═══ EXERCISE DATA ═══
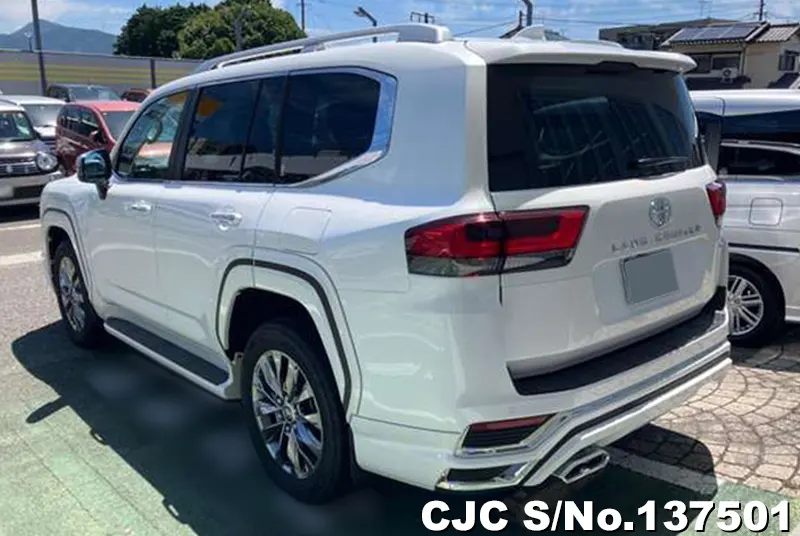 Toyota Land Cruiser in Pearl for Sale Image 1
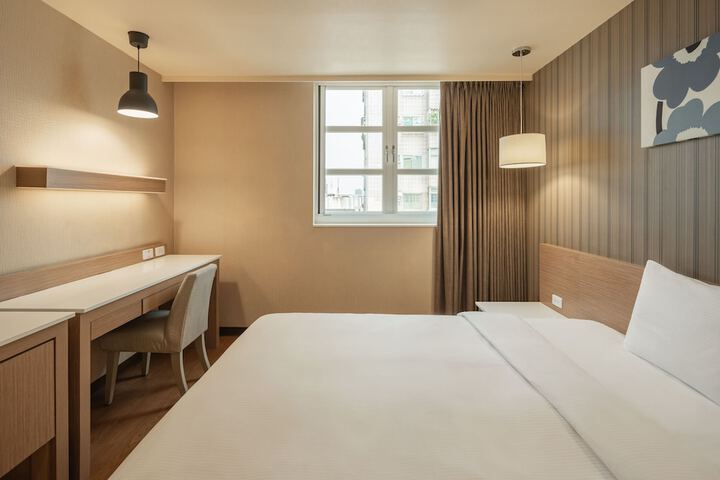 Room 27 of 55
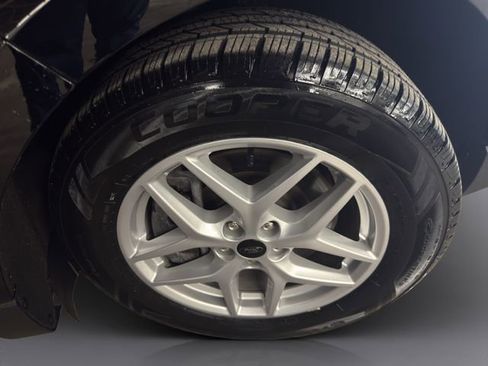 Used 2023 Ford Edge SEL image 32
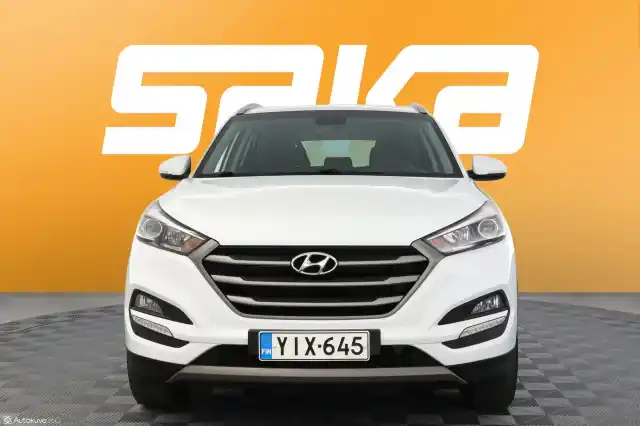 Valkoinen Maastoauto, Hyundai Tucson – YIX-645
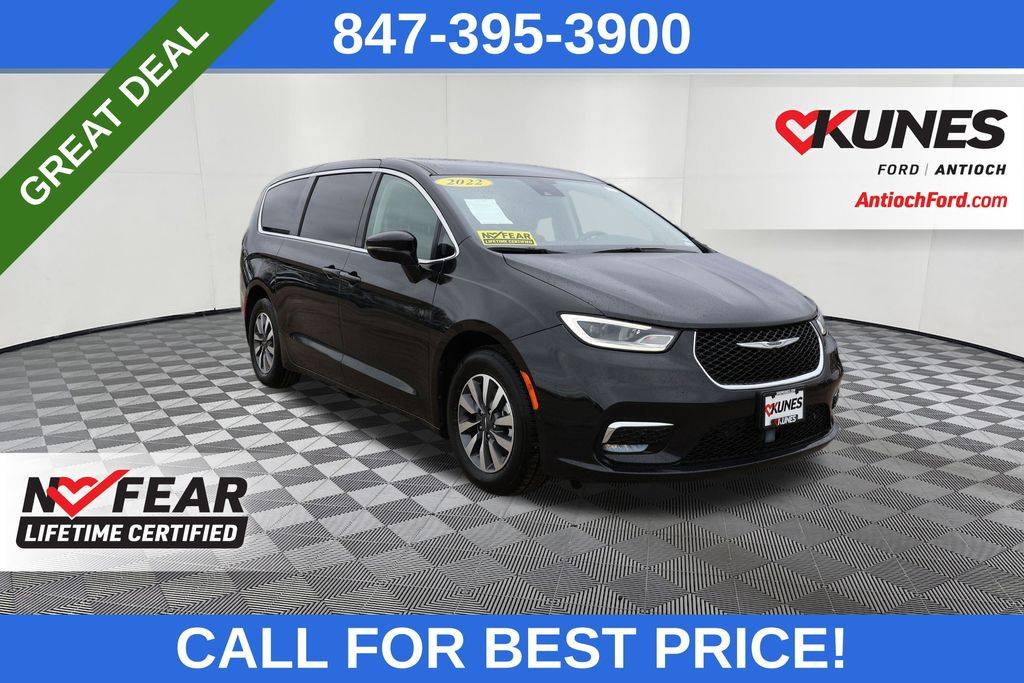 2022 Chrysler Pacifica Hybrid Touring L — Minivan — 60,334 mi — Antioch, IL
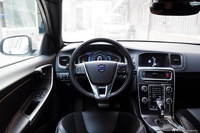 2015款沃尔沃V60 2.0T T5智雅个性运动版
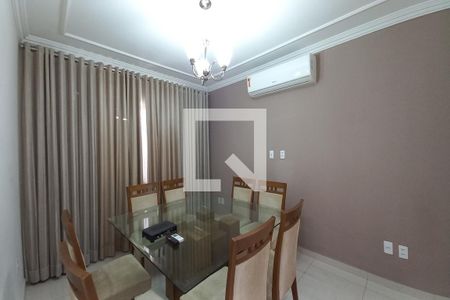 Sala de Jantar de casa para alugar com 3 quartos, 234m² em Parque Via Norte, Campinas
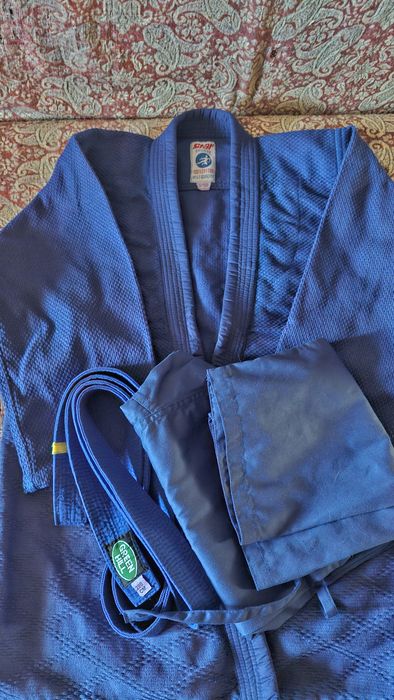 Продам кимоно на мальчика б/У в хорошем состоянии.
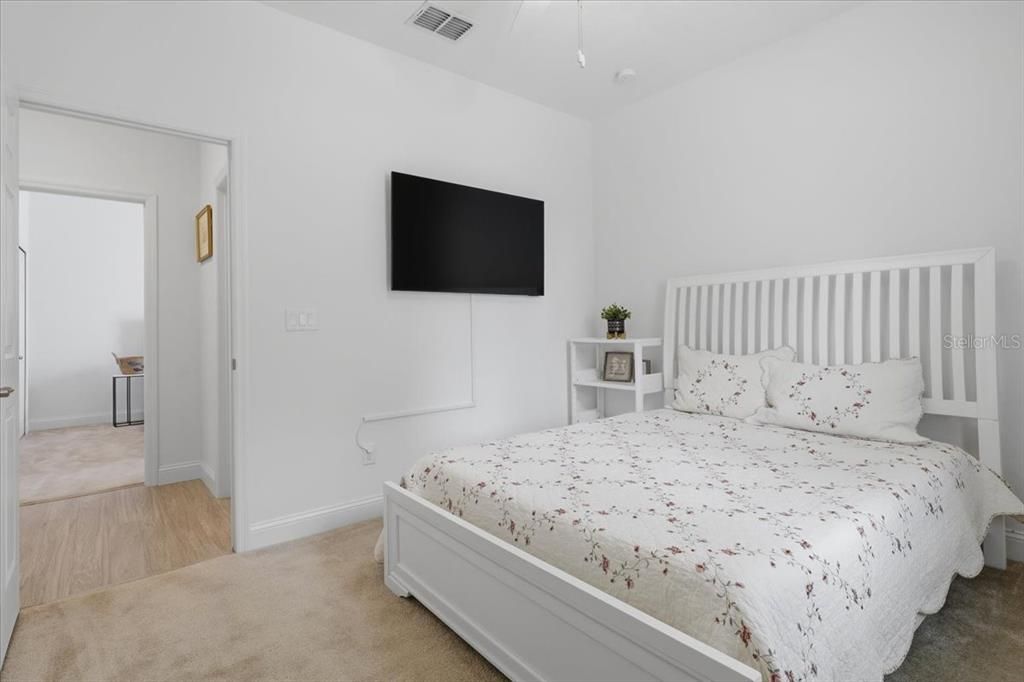 For Sale: $479,000 (3 beds, 2 baths, 2036 Square Feet)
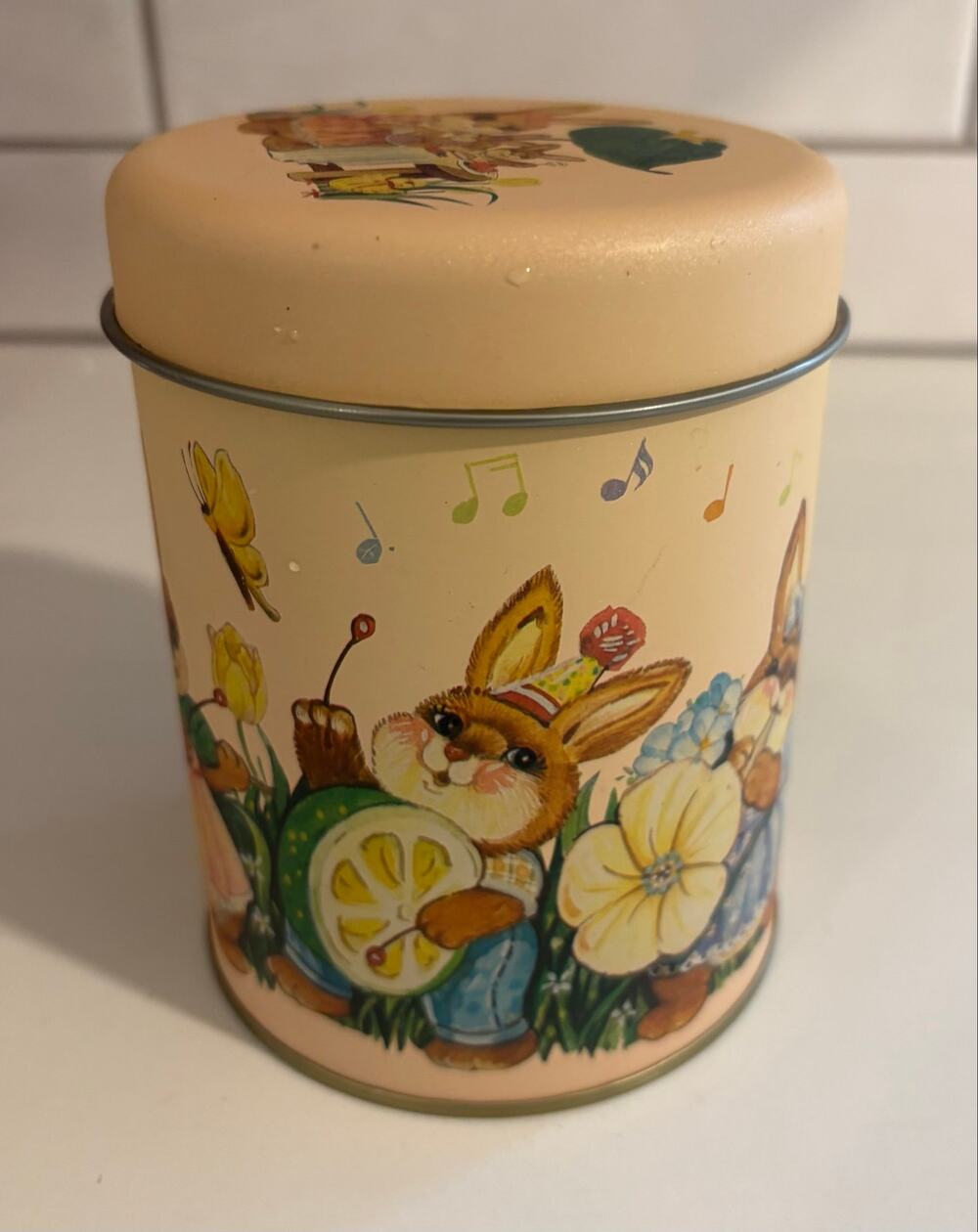 Vintage Wang's International Easter Bunny Rabbit Tin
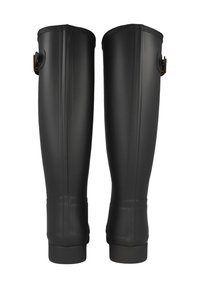 Mustat kumisaappaat, joissa on sileä pinta, korkea malli ja sivulla pieni, kultaisen sävyinen solki säädettävyyttä varten.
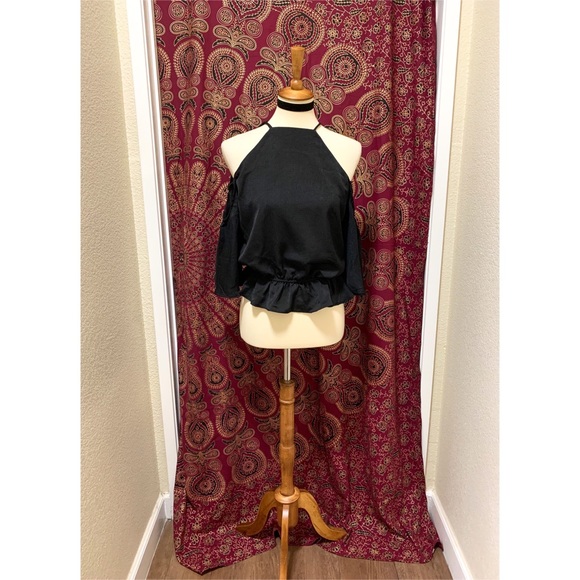 🌈 Amazing off shoulders top - Picture 2 of 11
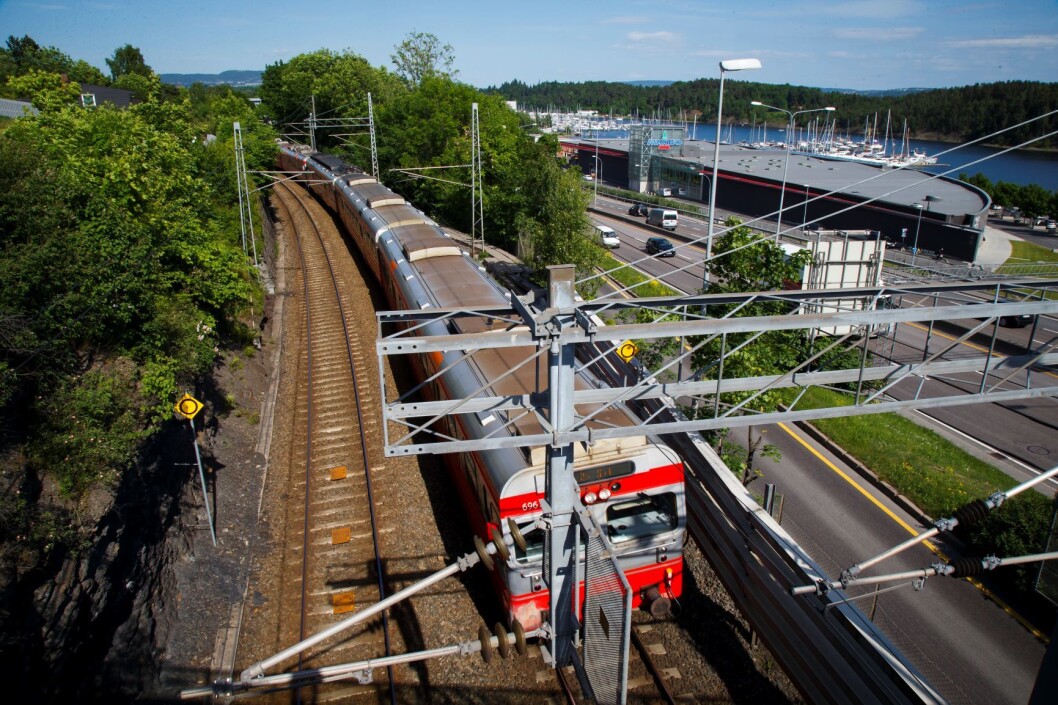 Senterpartiet vil prioritere tog og T-bane foran E-18 i Oslo. Foto: Heiko Junge / NTB scanpix Senterpartiet vil prioritere tog og T-bane foran E-18 i Oslo. Foto: Heiko Junge / NTB scanpix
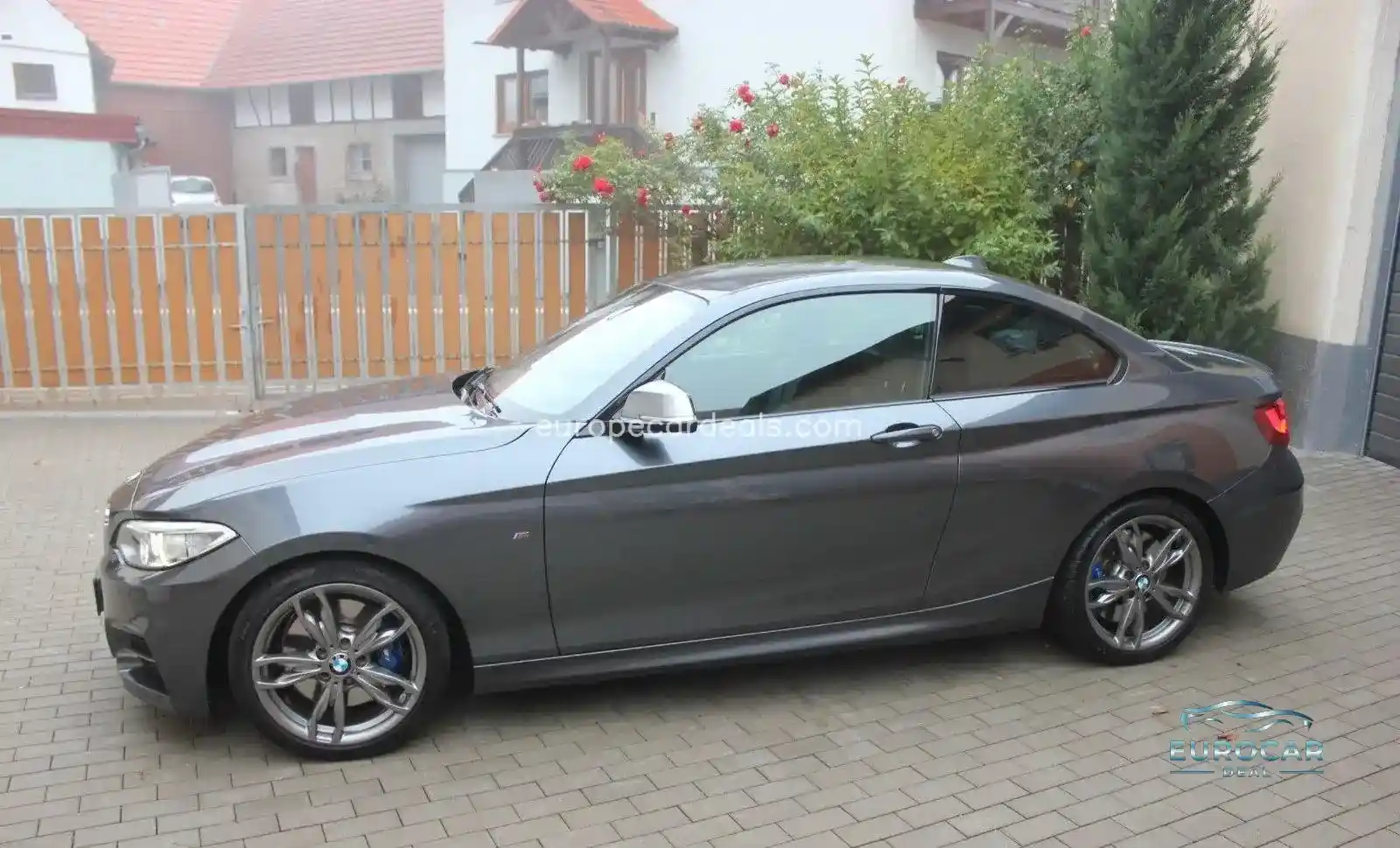 BMW M235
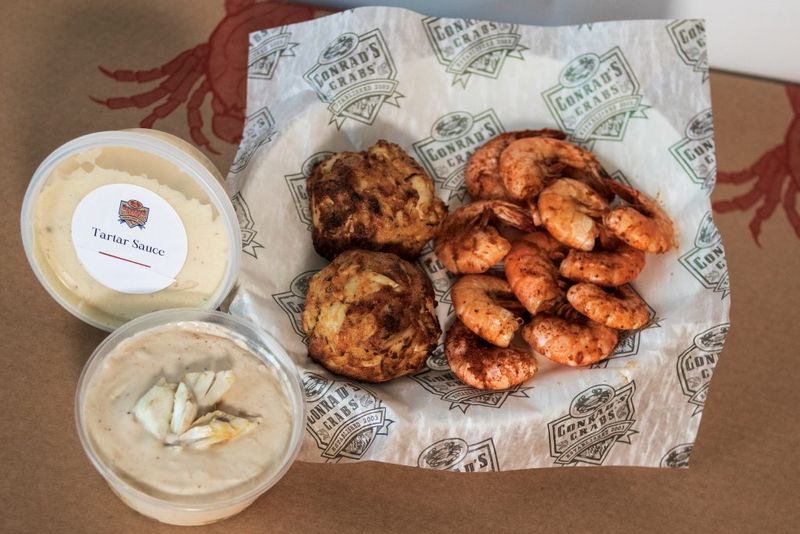 10 Maryland Seafood Joints Locals Skip - But Tourists Can't Stop Praising - Decor Hint Conrad's Crabs - Perry Hall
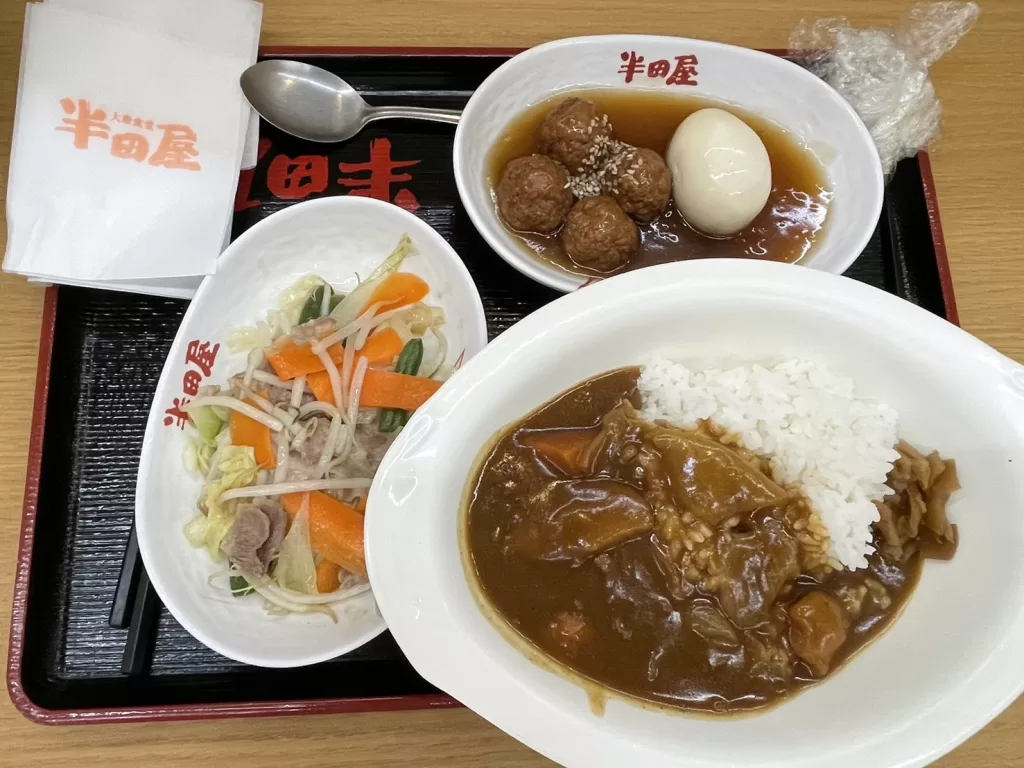 半田屋で選んだ唐揚げ定食風ランチ。カレーライス、肉団子のあんかけ、野菜炒め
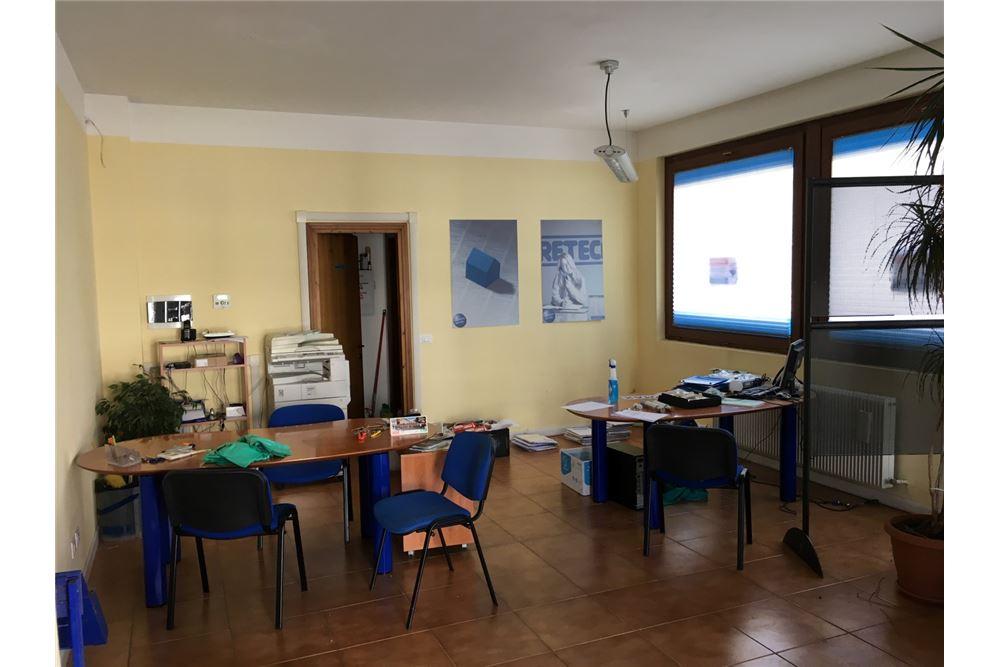 Ufficio in vendita a Borgo Valbelluna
═══
The reply should hold exactly the lines above, starting at the line with "Picture 2 of 11" and ending at the line with "10 Maryland Seafood", and no pictures.

 🌈 Amazing off shoulders top - Picture 2 of 11
 Senterpartiet vil prioritere tog og T-bane foran E-18 i Oslo. Foto: Heiko Junge / NTB scanpix Senterpartiet vil prioritere tog og T-bane foran E-18 i Oslo. Foto: Heiko Junge / NTB scanpix
 BMW M235
 10 Maryland Seafood Joints Locals Skip - But Tourists Can't Stop Praising - Decor Hint Conrad's Crabs - Perry Hall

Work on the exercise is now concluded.